Today we pose the question to our virtual panel of experts, “How far can we trust the science of climate change?”

Join the debate and leave your comments below.

bjorn2

Bjorn Lomborg, statistician and author of “The Skeptical Environmentalist”:

The vast majority of climate scientists tell us that increases in carbon dioxide cause higher temperatures over time. We know that this will mean changes in rainfall, melting of snow and ice, a rise in sea level, and other impacts on plants, wildlife, and humans.

There is still meaningful and important work going on looking at the range of outcomes that we should expect–it is wrong to suggest that “all of the science is in”– but I think it is vital to emphasize the consensus on the most important scientific questions.

With some people drastically under-playing the effects of warming and others significantly exaggerating them, my view is that the careful research of the United Nations panel of climate change scientists, the IPCC, is the best guide to what we can expect from global warming – expecting a temperature increase by the end of the century between 1.6 and 3.8 degreesC (or 2.9-6.8 degrees F) higher than today’s temperatures.

There were disturbing revelations in the “Climategate” files – the stolen emails that showed some of the world’s most influential climatologists going to great lengths to enforce what amounts to a party line on climate change. (See related story here.)

Data that didn’t support their assumptions about global warming were fudged. Experts who disagreed with their conclusions were denigrated as “idiots” and “garbage.” Peer-reviewed journals that dared to publish contrarian articles were threatened with boycotts. Dissent was stifled, facts were suppressed, scrutiny was blocked, and the free flow of information was choked off.

These emails – quite predictably – have been seized on by skeptics of man-made climate change as “proof” that global warming is a hoax. And this is the most unfortunate part of “Climategate.”

Global warming is not a hoax, but at a time when opinion polls reveal rising public skepticism about climate change, this unsavory glimpse of scientists trying to cook the data is simply unhelpful.

The most relevant, significant dialogue today is not about interpretations of natural science, but about the different possible solutions to global warming, and what their costs and benefits would be.

I am not a global warming skeptic. But I am deeply skeptical of our dogged, single-minded pursuit of a policy response to global warming that has failed to work for nearly twenty years.

******************

knut2

Knut Alfsen, head research director, Center for International Climate and Environmental Research, Oslo (CICERO):

Of course, science is never (or very seldom) “done” or “finished” in the sense that it provides the full and final answer to a particular question or a set of questions.

At its roots, science is a structured dialog where hypotheses are put forward and tested in various well structured ways.

Occasionally it is possible to disprove a hypothesis, but we almost never get a 100 percent proof of the validity of the hypothesis.

At best it may gain credibility over time as it withstands more and more tests. So in one way we cannot completely trust climate science to come up with the final truth.

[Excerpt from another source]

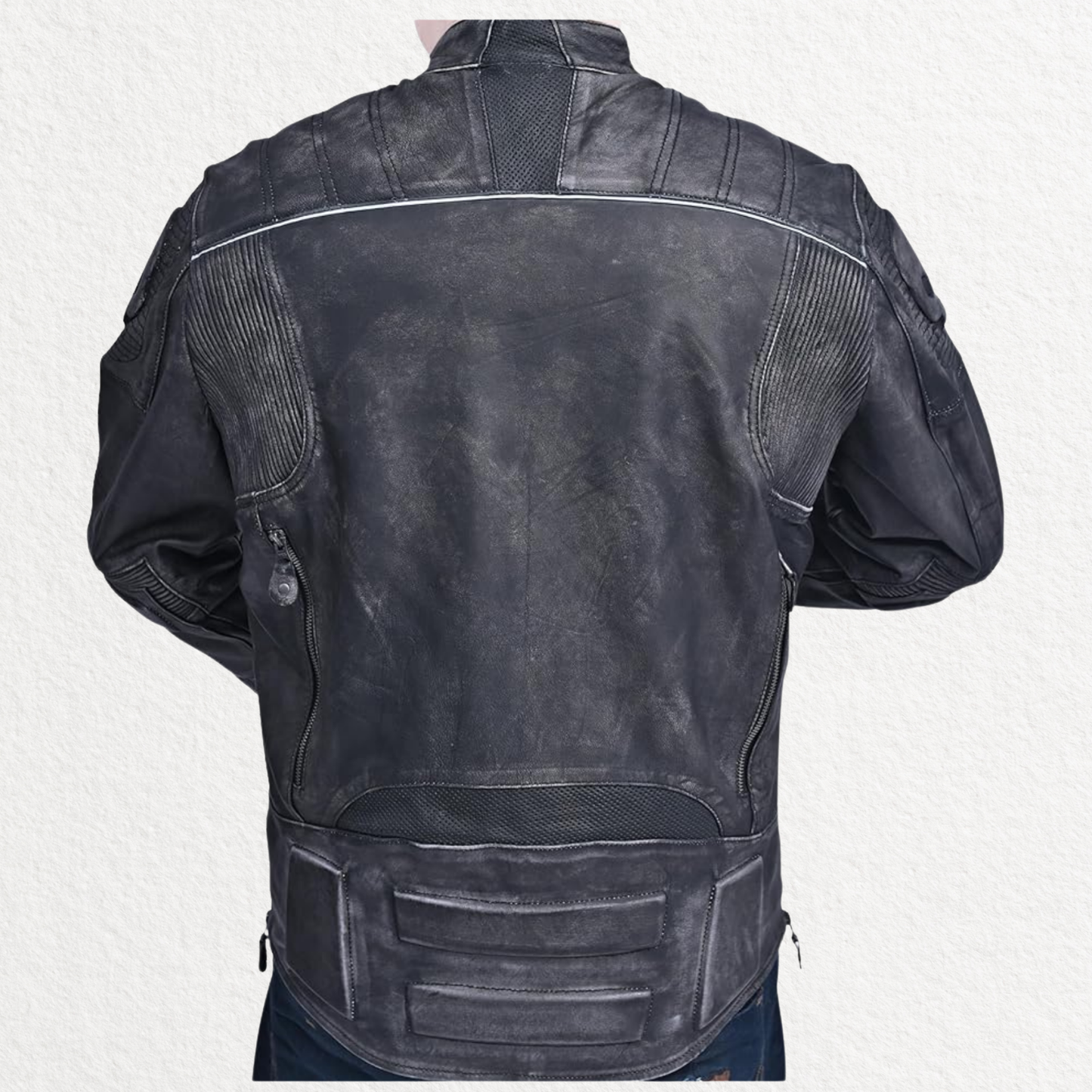 Men’s Distressed Skull Leather Biker Jacket
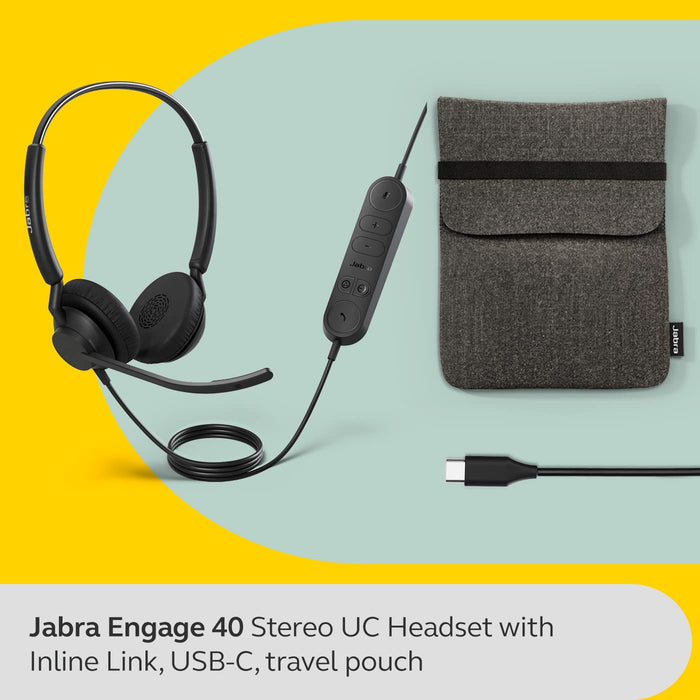 Jabra Engage 40 Stereo - Headset - on-ear - wired - USB-C - noise isolating - Optimised for UC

If, on the other hand, we more modestly want to know what we currently know of the problem, we can do, as IPCC does, listen in on the ongoing scientific dialog and extract the “current truth” about climate change; its causes, effects and possible remedies.

The field of climate science is lucky in having IPCC to carry out intergovernmental assessments of the “current truths”. The assessments are carried out according to strict procedural rules in a transparent and open way, thus lending credibility to the assessment reports themselves.

Big values are at stake when it comes to climate change. On the one hand, the potential damage of unchecked climate change is staggering. On the other hand the costs of necessary mitigation of greenhouse gas emissions are also substantial.

This explains the intense and highly politicized debate about the science of climate change.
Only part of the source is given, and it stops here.